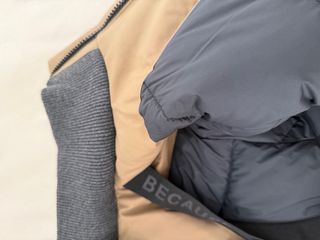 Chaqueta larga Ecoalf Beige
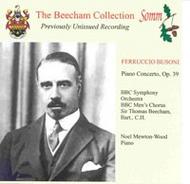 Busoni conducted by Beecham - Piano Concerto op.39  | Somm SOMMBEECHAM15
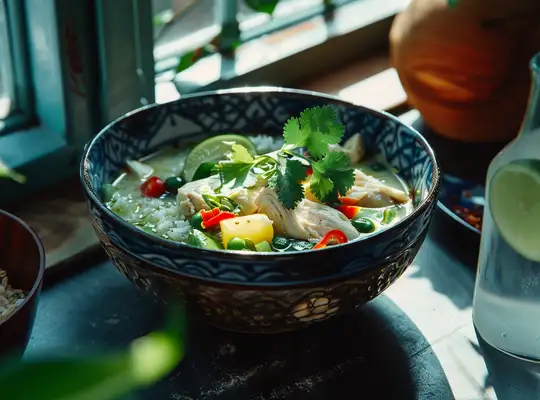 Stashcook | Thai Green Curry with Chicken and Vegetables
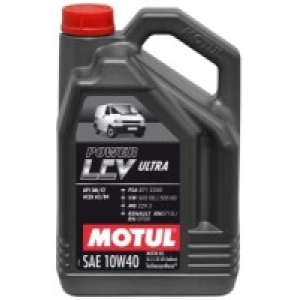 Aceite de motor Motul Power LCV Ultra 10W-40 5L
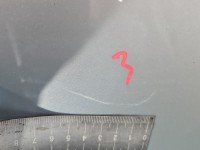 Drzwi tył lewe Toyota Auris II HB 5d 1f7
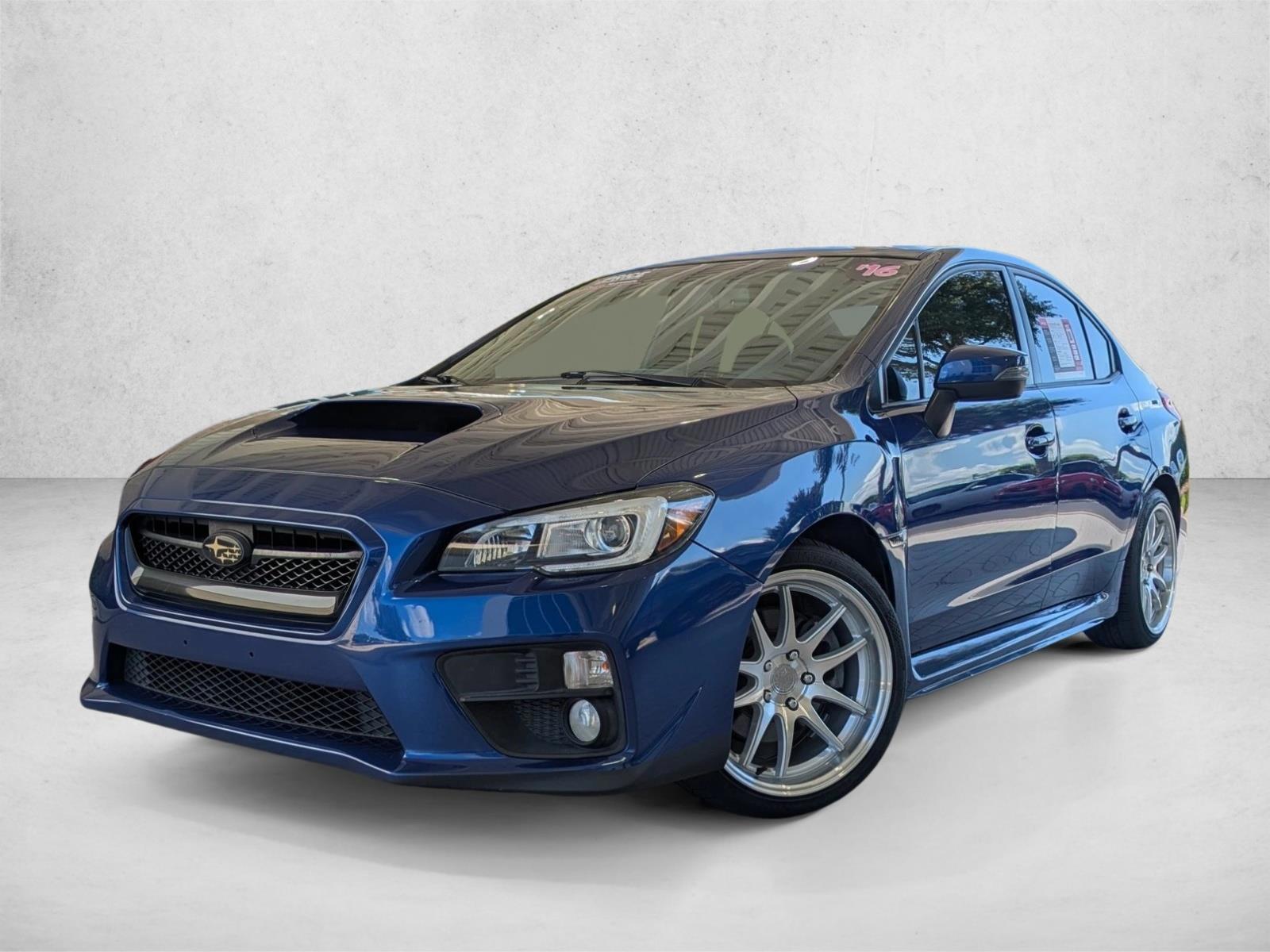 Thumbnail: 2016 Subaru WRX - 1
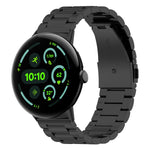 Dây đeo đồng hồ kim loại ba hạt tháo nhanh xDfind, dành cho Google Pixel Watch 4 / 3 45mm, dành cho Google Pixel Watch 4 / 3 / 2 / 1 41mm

--------------------------------

▶ **What you will do**
Send back the data above word for word, with the pictures left out.

▶ **Reply to the exercise**
 Chaqueta larga Ecoalf Beige
 Busoni conducted by Beecham - Piano Concerto op.39  | Somm SOMMBEECHAM15
 Stashcook | Thai Green Curry with Chicken and Vegetables
 Aceite de motor Motul Power LCV Ultra 10W-40 5L
 Drzwi tył lewe Toyota Auris II HB 5d 1f7
 Thumbnail: 2016 Subaru WRX - 1
 Dây đeo đồng hồ kim loại ba hạt tháo nhanh xDfind, dành cho Google Pixel Watch 4 / 3 45mm, dành cho Google Pixel Watch 4 / 3 / 2 / 1 41mm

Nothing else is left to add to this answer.